Both Secretary of State Hillary Clinton and U.S. Ambassador to Haiti Kenneth Merten stated this week that the Haitian government had to take Leahy's call "seriously," because the United States is getting "frustrated" with Haiti.

Said Bill Clinton: "Legitimate questions were raised about how the vote happened ... [but] it would be a mistake to stop the reconstruction.... In my opinion, nothing has yet happened which justifies that."

The Recovery Commission meeting was reportedly a brawl over the slow—almost non-existent—approval of aid, lack of consultation with the Haitian members of the commission, and approval of projects which the Haitian members charged "do not advance the reconstruction of Haiti and long-term development."

In reality, there is no commitment to short- or long-term reconstruction of Haiti. The Commission's stated goal is to clear only 40% of the earthquake rubble by October 2011, nearly two years later, because it is being done by hand as a "cash for work" program. Meanwhile, the cholera epidemic, a result of the lack of clean water, sanitation, food, and housing, has officially killed over 2,400 people; in reality, many uncounted more.

Argentina Investigates Economic Crimes of 1976-83 Dictatorship

Dec. 13 (EIRNS)—Argentina's Justice Minister Julio Alak has set up a special unit to investigate the economic crimes carried out by the military dictatorship that ruled the country from 1976 to 1983.

In remarks reported by Veintitrés magazine Dec. 2, Alak explained that the dictatorship's goal was to establish a specific economic model of "free enterprise," intent on smashing the role of the state in the economy. To achieve this, Alak noted, the junta had to "discipline" the population through the use of terror.

Under the regime of Finance Minister José Martínez De Hoz, a wholly owned asset of City of London financial interests, the junta appropriated 604 companies, by threatening, jailing, kidnapping, and torturing businessmen hostile to the government. Assets were seized, agricultural lands confiscated, and companies driven into bankruptcy or taken over by the junta's civilian partners.

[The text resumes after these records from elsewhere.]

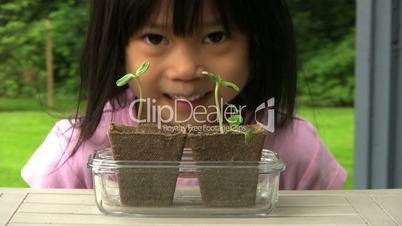 Little Asian Girl Admiring Her Plants
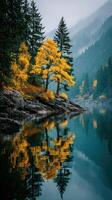 Vibrant autumn foliage reflecting on a tranquil lake surrounded by mountains in early morning light photo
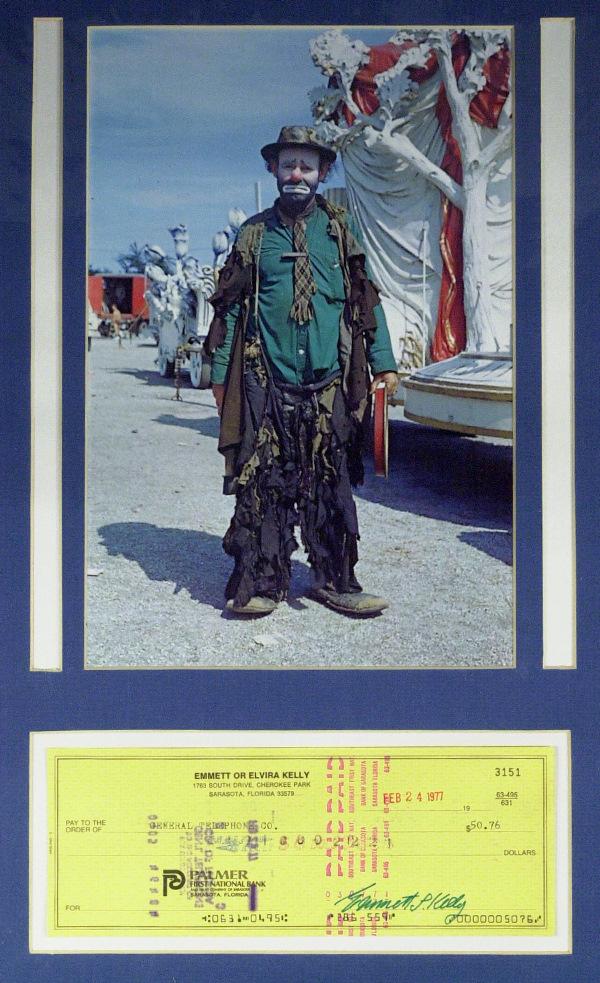 Emmett Kelly - Check Matted: Emmett Kelly (1898-1979) Circus clown. Kelly was famous as "Weary Willie," a sad-faced hobo with the Ringling Brothers and Barnum & Bailey Circus. 8" x 3" check signed, Palmer First national Bank, Feb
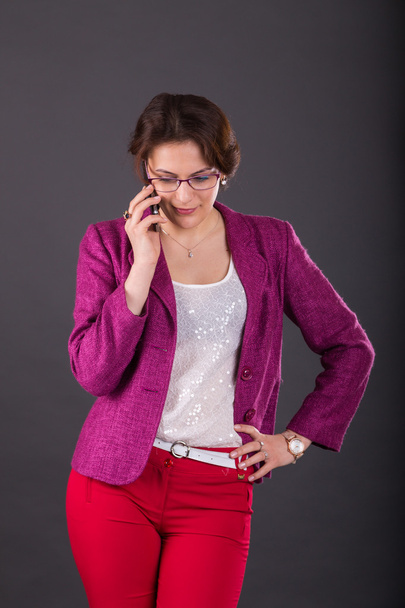 Business girl with a folder for papers and telephone - 写真・画像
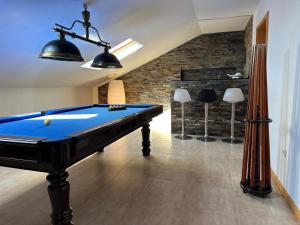 a pool table in a room with a brick wall at Ofir Beach Apartment in Fão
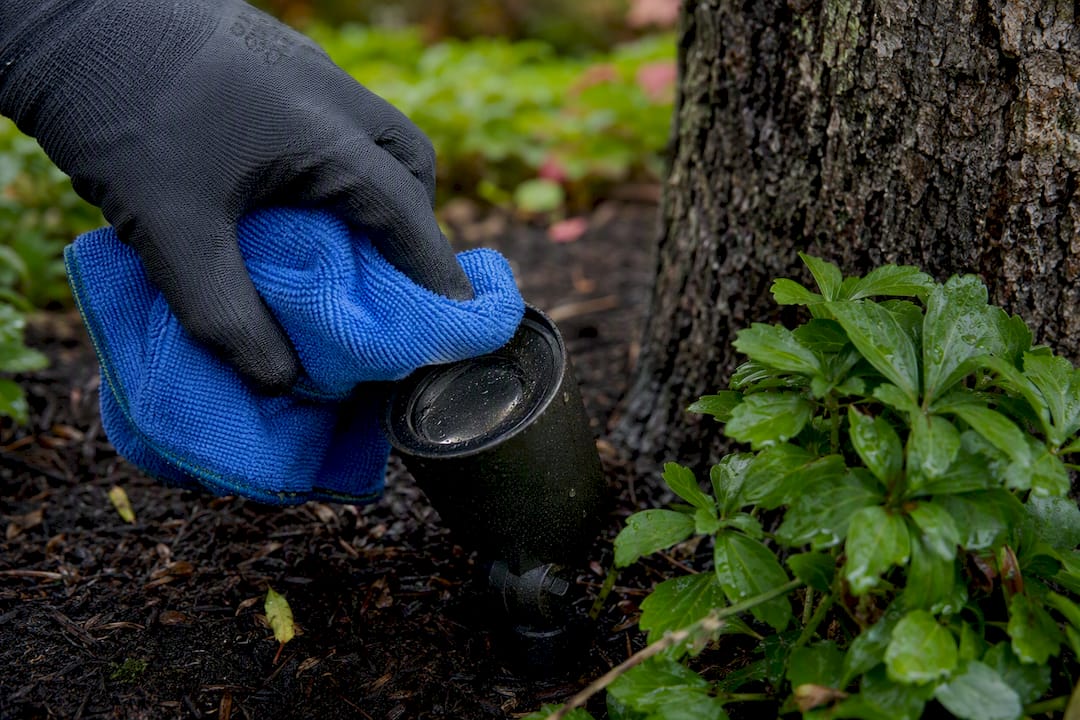 Gloved hand cleaning outdoor light lens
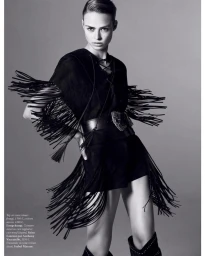 Model in black fringe top and leather boots standing against a neutral studio background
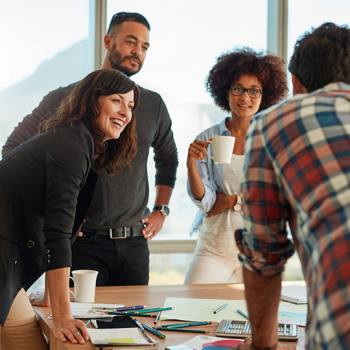 A fulfilling career starts here colleagues laughing in a meeting
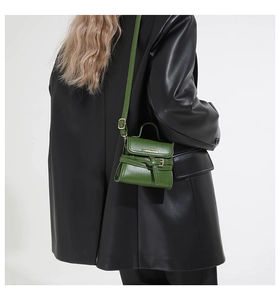 Gros plan d'un mini sac à bandoulière vert en cuir sur veste noire avec détail de boucle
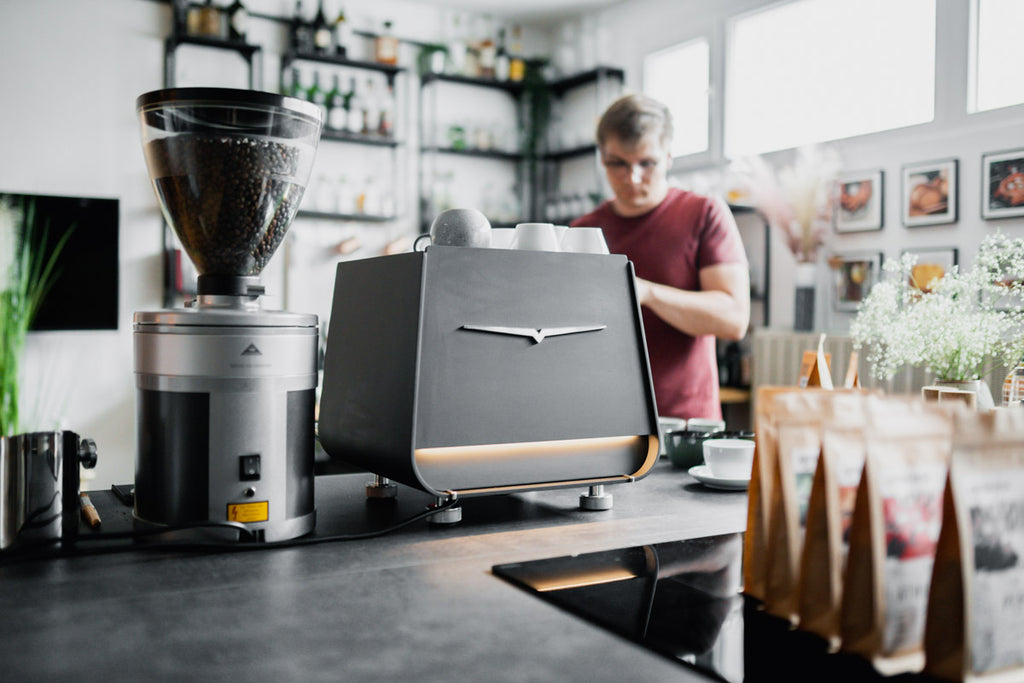 Kaffeemaschine Victoria Arduino Eagle One Prima, Kaffeemühle von Mahlkönig, Barista im Hintergrund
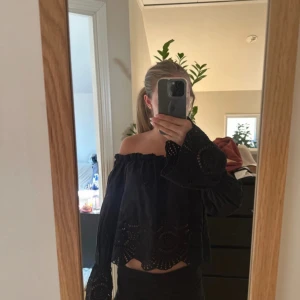 Svart offshoulder blus från Stradivarius - Svart offshoulder blus från Stradivarius med vida ärmar och broderade detaljer. Toppen är croppad och har ett snyggt hålmönster längs nederkanten och ärmsluten. Perfekt för dig som gillar en boho-inspirerad stil. I väldigt bra skick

Today, Martínez de Hoz remains under house arrest, charged with the November 1976 kidnapping and extortion of businessmen Federico and Miguél Gutheim, who were forced to sign an export contract with China before they were released six months later. The contract was considered to be in the interest of the Finance Ministry.

One of the more notorious cases of appropriation was that of the Papel Prensa newsprint company, owned by the Graiver family, whose assets were seized after David Graiver was killed, and his wife jailed and terrorized. Papel Prensa was then "sold" to the Clarín, La Nación, and La Razón monopolies, which sympathized with the junta. Current President Cristina Fernández de Kirchner has recently challenged the legality of that 1976 sale.